Stored data:
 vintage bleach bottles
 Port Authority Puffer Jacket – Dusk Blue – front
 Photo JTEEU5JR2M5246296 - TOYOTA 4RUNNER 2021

==

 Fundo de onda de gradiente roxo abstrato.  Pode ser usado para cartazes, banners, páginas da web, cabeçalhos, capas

Description of the task:
With the line holding "vintage bleach bottles" as the first and the line holding "Photo JTEEU5JR2M5246296 - TOYOTA" as the last, please transcribe exactly the lines of the material above in that range and nothing else.

Answer for this exercise:
 vintage bleach bottles
 Port Authority Puffer Jacket – Dusk Blue – front
 Photo JTEEU5JR2M5246296 - TOYOTA 4RUNNER 2021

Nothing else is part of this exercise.